Trade momentum slowed in Congress

President Reagan may have defused a political bombshell when he promised tougher action against unfair trade practices. But trade issues continue to generate plenty of fireworks on Capitol Hill. Despite Mr. Reagan's speech Monday, senators continued laying plans to protect United States shoemakers and the textile industry from the onslaught of less expensive imports.

But none of the protectionist legislation is likely to become law. Reagan's speech-in-time has toned down his critics, bought him more time, and probably assured him enough support to sustain his veto of protectionist bills.

The White House initiative also shows just how slippery trade is as a political issue.

Many Democrats see the estimated $150 billion trade deficit as a major weakness for Reagan. ``I don't think he's neutralized it much,'' said Rep. Richard A. Gephardt (D) of Missouri in an interview. ``Everybody's going to welcome action, but he seems to be doing it reluctantly.''

A cosponsor of one of the major trade bills in Congress, Representative Gephardt says of the Reagan administration, ``I doubt if they'd be doing any- thing if we hadn't'' pushed the issue.

Now that the President has moved, however tentatively, Democrats have a less clear-cut case. They are obligated to welcome him into the boat, at least long enough to see if he will row with them.

``The major new thing is the change in attitude,'' says Sen. Lloyd Bentsen (D) of Texas, applauding the President, but adding he awaits further proof of change.

``I'm ready to work with him,'' says Senator Bentsen, who is a cosponsor of the Gephardt trade bill.

Republicans have been almost as skeptical as Democrats on White House trade policy. ``We're still working on a trade package,'' Senate majority leader Robert Dole (R) of Kansas told reporters yesterday.

Sen. John C. Danforth (R) of Missouri has held that ``results, and results alone, will be able to restore the credibility of our trade policies.''

Meanwhile, members of Congress are discovering the complex trade problem does not yield to easy answers.

``The trick is to do something for business without doing something for the industries that are inefficient,'' Rep. Les Aspin (D) of Wisconsin told reporters this week. He cited shoes as one industry to which he would say, ``I'm sorry. Byebye.''

At a hearing on textiles, Sen. John H. Chafee (R) of Rhode Island expressed concerns about aftereffects of bills to reduce imports. A worker in Rhode Island produces steel fasteners at a low price ``because he gets the steel from Korea,'' Mr.
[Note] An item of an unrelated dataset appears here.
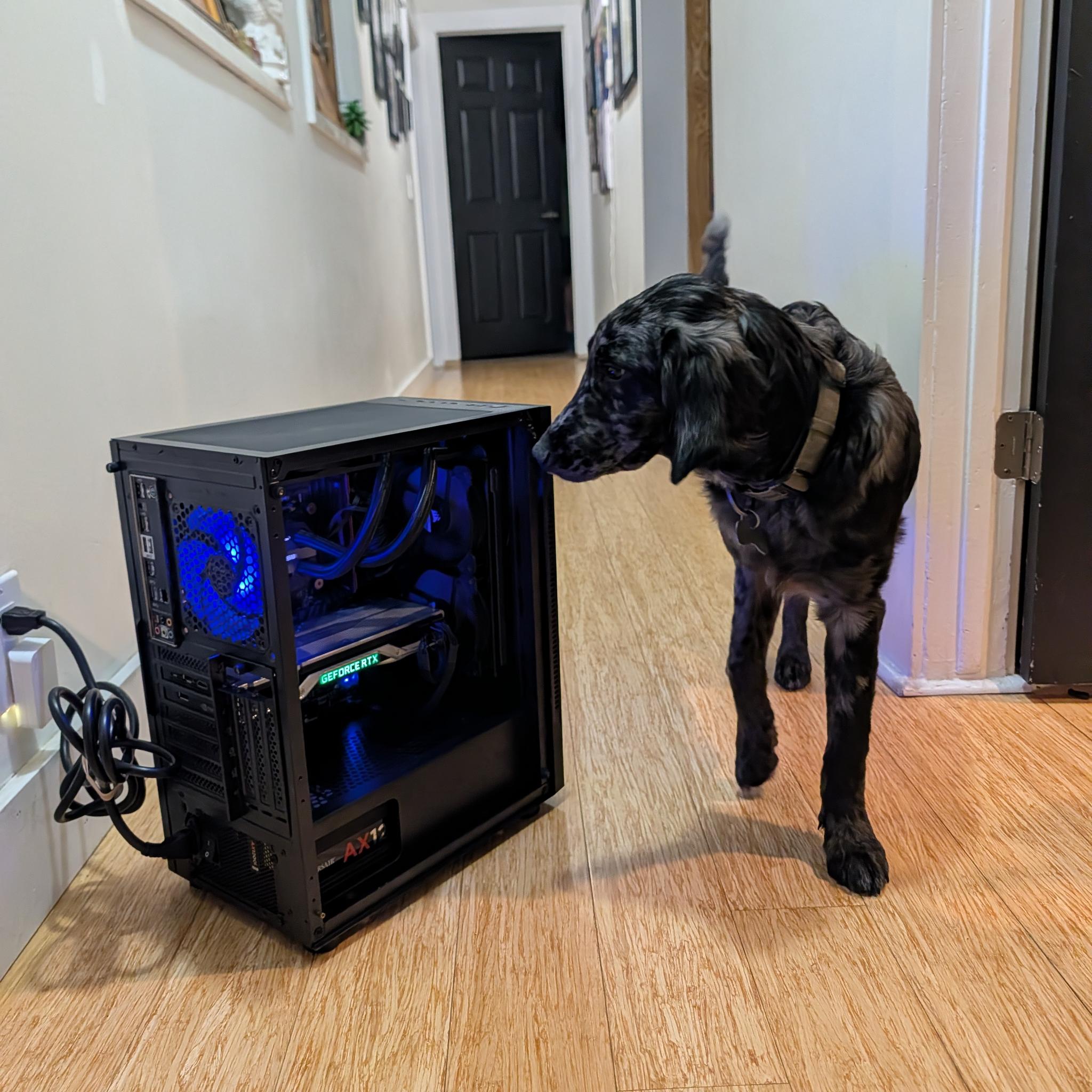 Gaming-PC | RTX 2080 TI FE | 32GB DDR4 | I7 6900K | 1.5TB | Corsair AIO | 1200W Corsair |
Chafee pointed out.

The pressure for reducing imports has pushed the textile bill into the fore as the first test for trade legislation. Some 300,000 US textile workers have lost their jobs since 1980 because of competition from imports made by low-paid foreign workers, especially in the Far East.

But importers told the Senate international trade subcommittee that American textile companies have caused their own demise. ``Many plants were shot down because they were obsolete,'' said Arthur Ortenberg, vice-president of Liz Claiborne Inc.

Martin Tandler, president of Tandler Textiles Inc., charged that mills in the United States have been geared to produce quantity instead of quality.

Democrats are fashioning trade into a campaign theme that permits them to stand up for America, just as Republicans have done in defense debates.

As the issue of trade gathers momentum, some in the party are urging Democratic leaders to be cautious.

``I think they're taking an awful risk on the issue,'' says Greg Schneiders, a Democratic consultant, who says party leaders might be misreading the public.

``Americans want fairness in trade policy,'' he says. ``If that means retaliation against countries with unfair practices, then they support that.''

But overall, ``they seem to understand that a lot of our trade problems are our own making,'' he says, pointing out that Americans drive foreign cars and use imported products and see them as superior.

``I think the President has the potential to actually make some gains on this issue if he holds his ground,'' says Mr. Schneiders. He suggests that Democrats join Reagan and ``use a rifle-shot approach,'' as opposed to generalized protectionist measures to deal with the trade restrictions of America's trading partners.

Democrats make a mistake as they try to make trade into an issue like social security, which has long helped the party, says the consultant.

``It's interesting that a Democratic consultant'' has such doubts, said Mr. Gephardt. He points out that a top conservative commentator, Kevin Phillips, has called trade woes a possible Achilles' heel for the GOP.